Eligible distributions can be rolled over to a Rollover IRA — which will enable them to:
- Maintain their retirement savings in a tax-deferred account.
- Avoid penalties and taxes for any early distributions they may receive from their employer-sponsored retirement plans
- Allow their account earnings to continue to accumulate on a tax-deferred basis
- Enjoy the convenience of having their retirement assets in one account
Education IRA
The Education IRA accumulates tax-deferred earnings to pay education expenses, which may be withdrawn tax-free. The account may be established for a child under 18.
- In 2002, the annual contribution limit was increased from $500 to $2,000. You can make a contribution for 2003 up until April 15 th 2004.
- Qualified education expenses have been broadened to include elementary and secondary school.
- Covered expenses include tuition, fees, tutoring, books, supplies, board and uniforms.

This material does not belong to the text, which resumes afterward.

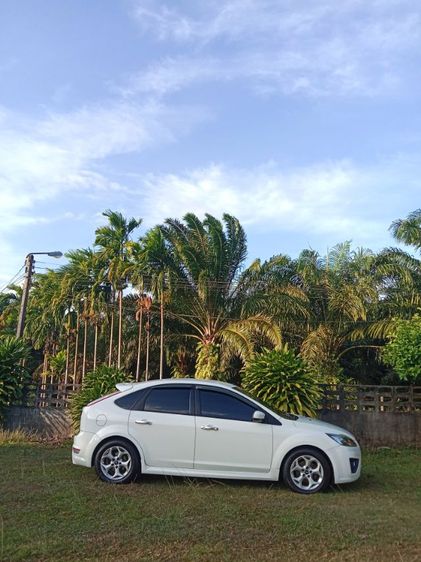 Ford Focus 2011 2.0 Sport Plus เบนซิน ไม่ติดแก๊ส เกียร์อัตโนมัติ ขาว รูปที่ 2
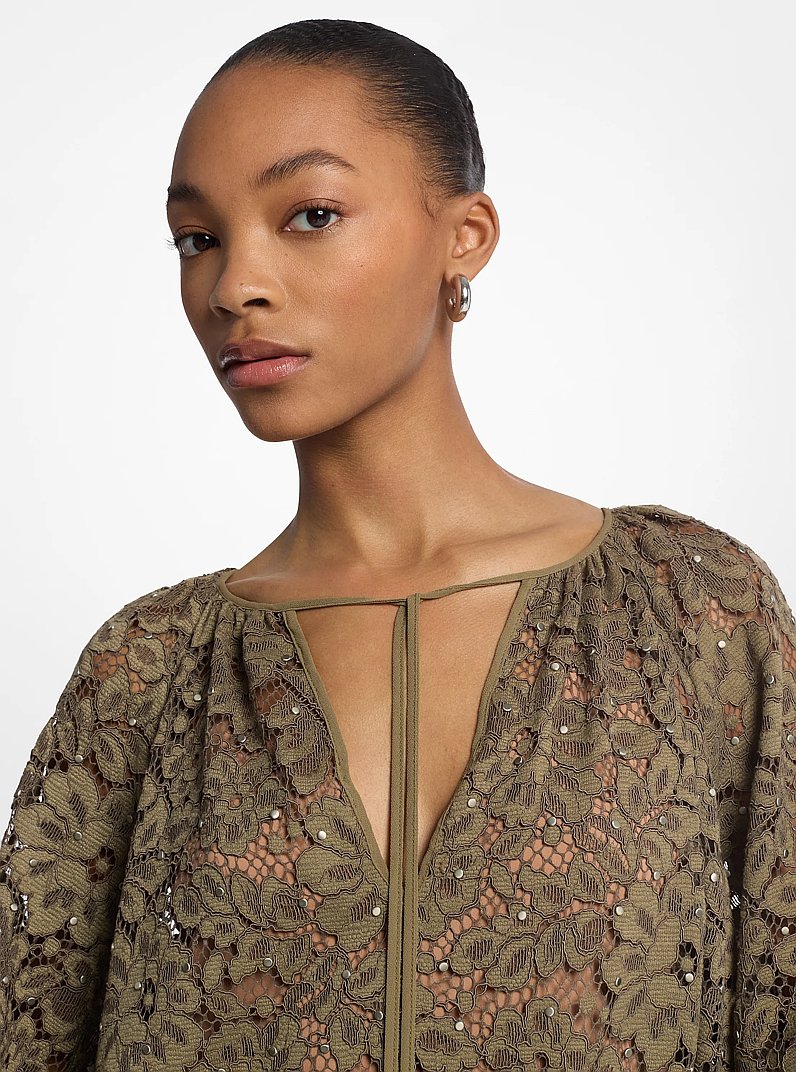 Vestido de encaje floral definido con cuello de pico y tachuelas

Simplified Employee Pension Plans
A SEP-IRA (Simplified Employee Pension Plan) is a tax-deferred retirement plan designed for self-employed individuals, independent contractors, or small-business owners seeking to create a retirement plan for themselves and/or to provide a valuable benefit for employees. Employer and employee contributions to the SEP plan are deductible as a business expense and receive tax-deferred growth. Contributions can be made up until the employer's tax filing deadline, including extensions.
- For 2006 an employer's deduction limit is 25% of Adjusted Gross Income (AGI).
- For 2006, the maximum contribution allowed by a participant is the lesser of $42,000 or 25% of his/her compensation.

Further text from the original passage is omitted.